---------- Data to examine ----------

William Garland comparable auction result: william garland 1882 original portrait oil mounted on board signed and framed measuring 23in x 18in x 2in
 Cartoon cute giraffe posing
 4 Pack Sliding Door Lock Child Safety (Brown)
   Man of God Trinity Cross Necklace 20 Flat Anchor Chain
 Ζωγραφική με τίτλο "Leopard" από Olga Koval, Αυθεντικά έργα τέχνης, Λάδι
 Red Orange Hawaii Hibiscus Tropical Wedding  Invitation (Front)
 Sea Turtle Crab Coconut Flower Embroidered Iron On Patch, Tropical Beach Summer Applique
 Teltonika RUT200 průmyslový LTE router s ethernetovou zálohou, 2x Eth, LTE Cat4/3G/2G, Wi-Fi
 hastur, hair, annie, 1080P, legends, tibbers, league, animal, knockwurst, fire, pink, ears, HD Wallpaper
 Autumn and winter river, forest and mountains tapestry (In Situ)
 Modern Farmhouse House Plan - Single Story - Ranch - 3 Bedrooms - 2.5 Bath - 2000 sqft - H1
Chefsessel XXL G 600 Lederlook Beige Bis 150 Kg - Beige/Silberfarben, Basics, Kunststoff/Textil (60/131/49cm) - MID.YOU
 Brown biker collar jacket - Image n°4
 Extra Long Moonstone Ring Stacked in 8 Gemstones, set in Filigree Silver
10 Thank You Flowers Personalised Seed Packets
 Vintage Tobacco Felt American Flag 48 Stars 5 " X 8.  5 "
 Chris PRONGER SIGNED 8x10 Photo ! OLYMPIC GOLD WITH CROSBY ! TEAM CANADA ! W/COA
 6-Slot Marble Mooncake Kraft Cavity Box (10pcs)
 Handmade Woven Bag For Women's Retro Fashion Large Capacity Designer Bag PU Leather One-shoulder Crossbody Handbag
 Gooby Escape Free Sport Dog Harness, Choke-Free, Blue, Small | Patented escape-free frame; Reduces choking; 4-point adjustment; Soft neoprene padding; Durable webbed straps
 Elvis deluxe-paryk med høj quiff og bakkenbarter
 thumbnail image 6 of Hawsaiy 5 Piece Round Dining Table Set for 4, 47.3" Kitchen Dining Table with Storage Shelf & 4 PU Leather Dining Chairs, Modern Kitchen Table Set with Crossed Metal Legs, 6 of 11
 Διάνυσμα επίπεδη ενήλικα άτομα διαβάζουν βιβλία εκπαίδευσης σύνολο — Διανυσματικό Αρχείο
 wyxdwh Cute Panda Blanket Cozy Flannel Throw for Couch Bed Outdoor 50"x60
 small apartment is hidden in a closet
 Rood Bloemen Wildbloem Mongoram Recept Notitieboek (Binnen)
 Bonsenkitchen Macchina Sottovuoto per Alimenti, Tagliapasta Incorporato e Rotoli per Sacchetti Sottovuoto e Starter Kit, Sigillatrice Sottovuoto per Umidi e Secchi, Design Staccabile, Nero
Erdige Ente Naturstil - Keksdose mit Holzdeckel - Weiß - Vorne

----------

### Task requirements
Transcribe the data word for word.

### Response box
William Garland comparable auction result: william garland 1882 original portrait oil mounted on board signed and framed measuring 23in x 18in x 2in
 Cartoon cute giraffe posing
 4 Pack Sliding Door Lock Child Safety (Brown)
   Man of God Trinity Cross Necklace 20 Flat Anchor Chain
 Ζωγραφική με τίτλο "Leopard" από Olga Koval, Αυθεντικά έργα τέχνης, Λάδι
 Red Orange Hawaii Hibiscus Tropical Wedding  Invitation (Front)
 Sea Turtle Crab Coconut Flower Embroidered Iron On Patch, Tropical Beach Summer Applique
 Teltonika RUT200 průmyslový LTE router s ethernetovou zálohou, 2x Eth, LTE Cat4/3G/2G, Wi-Fi
 hastur, hair, annie, 1080P, legends, tibbers, league, animal, knockwurst, fire, pink, ears, HD Wallpaper
 Autumn and winter river, forest and mountains tapestry (In Situ)
 Modern Farmhouse House Plan - Single Story - Ranch - 3 Bedrooms - 2.5 Bath - 2000 sqft - H1
Chefsessel XXL G 600 Lederlook Beige Bis 150 Kg - Beige/Silberfarben, Basics, Kunststoff/Textil (60/131/49cm) - MID.YOU
 Brown biker collar jacket - Image n°4
 Extra Long Moonstone Ring Stacked in 8 Gemstones, set in Filigree Silver
10 Thank You Flowers Personalised Seed Packets
 Vintage Tobacco Felt American Flag 48 Stars 5 " X 8.  5 "
 Chris PRONGER SIGNED 8x10 Photo ! OLYMPIC GOLD WITH CROSBY ! TEAM CANADA ! W/COA
 6-Slot Marble Mooncake Kraft Cavity Box (10pcs)
 Handmade Woven Bag For Women's Retro Fashion Large Capacity Designer Bag PU Leather One-shoulder Crossbody Handbag
 Gooby Escape Free Sport Dog Harness, Choke-Free, Blue, Small | Patented escape-free frame; Reduces choking; 4-point adjustment; Soft neoprene padding; Durable webbed straps
 Elvis deluxe-paryk med høj quiff og bakkenbarter
 thumbnail image 6 of Hawsaiy 5 Piece Round Dining Table Set for 4, 47.3" Kitchen Dining Table with Storage Shelf & 4 PU Leather Dining Chairs, Modern Kitchen Table Set with Crossed Metal Legs, 6 of 11
 Διάνυσμα επίπεδη ενήλικα άτομα διαβάζουν βιβλία εκπαίδευσης σύνολο — Διανυσματικό Αρχείο
 wyxdwh Cute Panda Blanket Cozy Flannel Throw for Couch Bed Outdoor 50"x60
 small apartment is hidden in a closet
 Rood Bloemen Wildbloem Mongoram Recept Notitieboek (Binnen)
 Bonsenkitchen Macchina Sottovuoto per Alimenti, Tagliapasta Incorporato e Rotoli per Sacchetti Sottovuoto e Starter Kit, Sigillatrice Sottovuoto per Umidi e Secchi, Design Staccabile, Nero
Erdige Ente Naturstil - Keksdose mit Holzdeckel - Weiß - Vorne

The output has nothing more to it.